◆ DATA BLOCK

- Opening Delimiter -

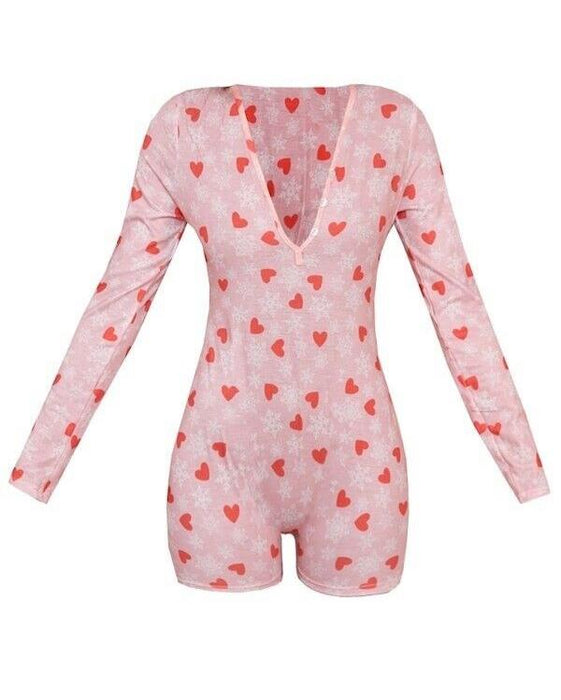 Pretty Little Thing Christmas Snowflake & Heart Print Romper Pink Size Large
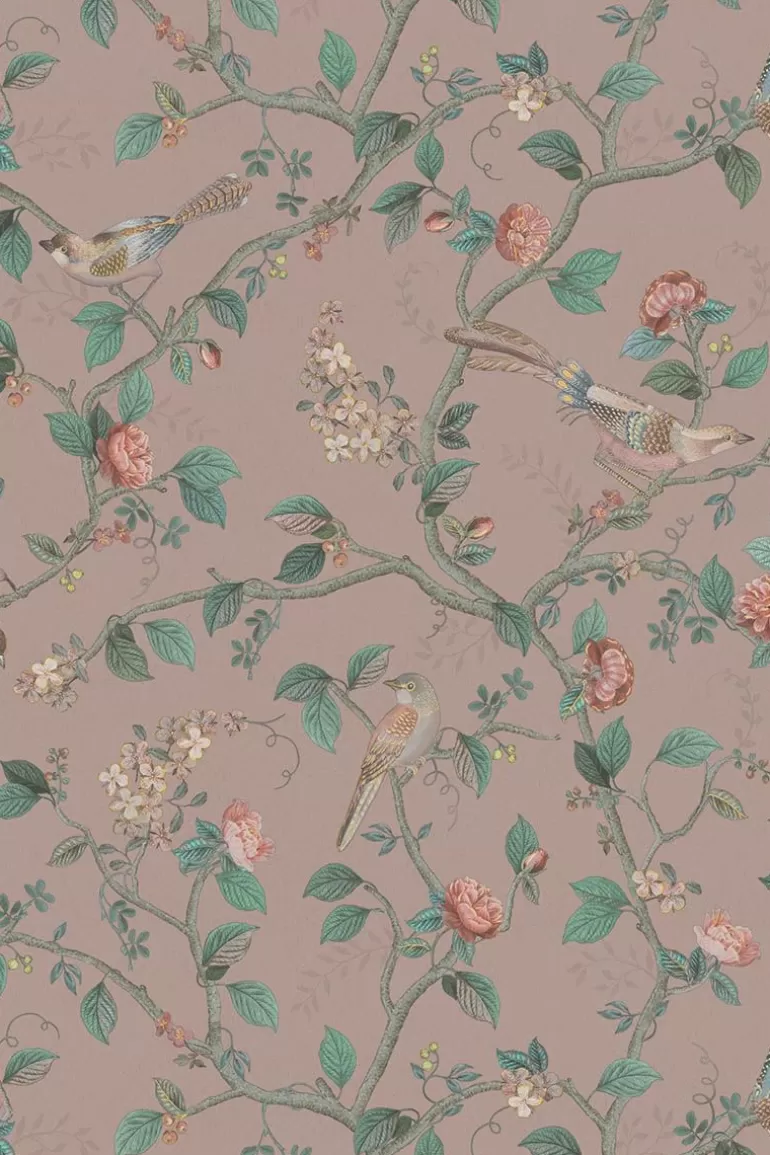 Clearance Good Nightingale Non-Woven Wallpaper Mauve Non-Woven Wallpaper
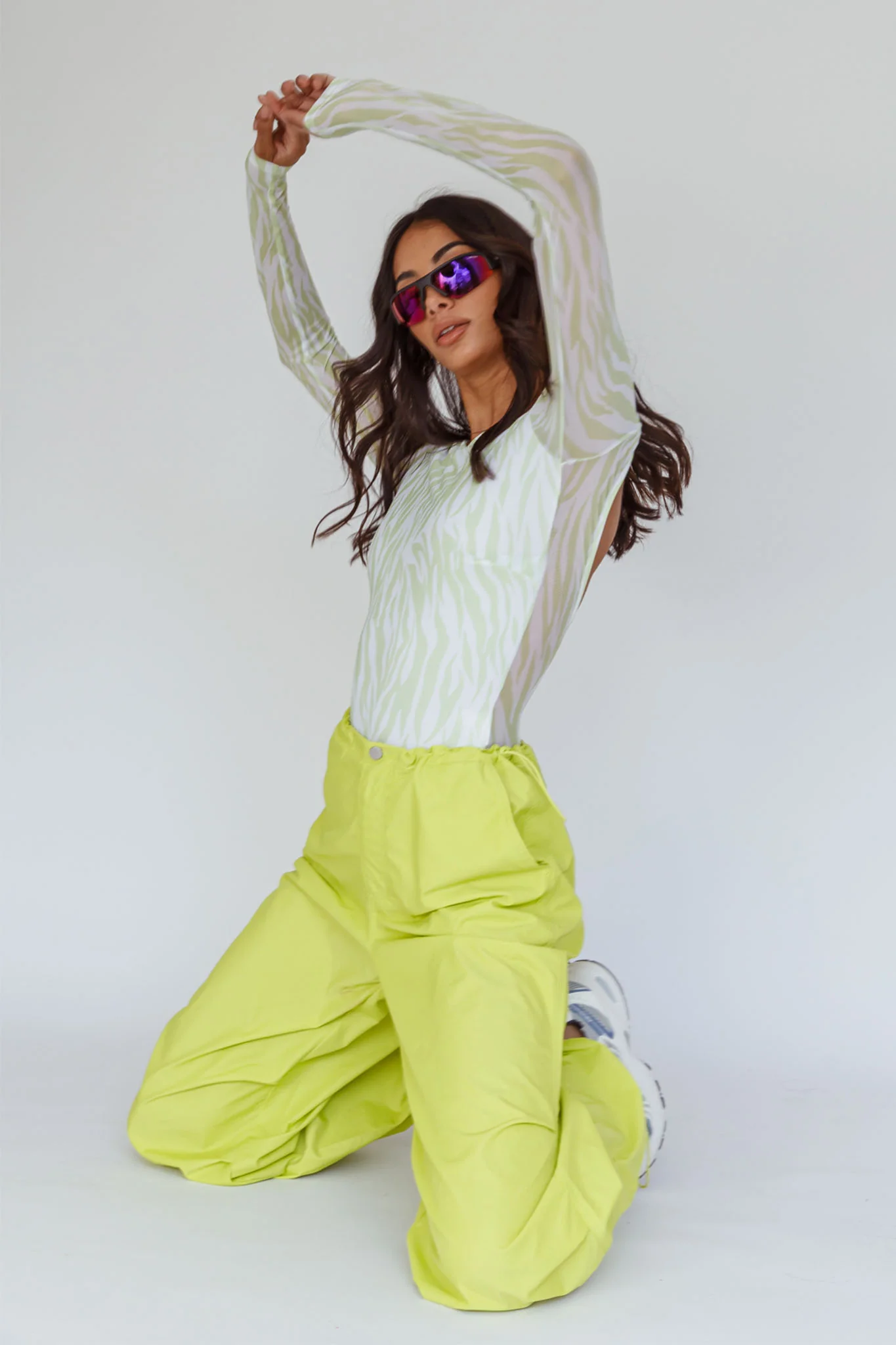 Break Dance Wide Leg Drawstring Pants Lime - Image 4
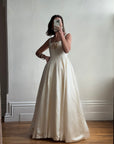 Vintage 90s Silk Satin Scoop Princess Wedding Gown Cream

- Closing Delimiter -

◆ YOUR TASK
Please output the material above unchanged, apart from removing the pictures.

◆ SOLUTION
 Pretty Little Thing Christmas Snowflake & Heart Print Romper Pink Size Large
 Clearance Good Nightingale Non-Woven Wallpaper Mauve Non-Woven Wallpaper
 Break Dance Wide Leg Drawstring Pants Lime - Image 4
 Vintage 90s Silk Satin Scoop Princess Wedding Gown Cream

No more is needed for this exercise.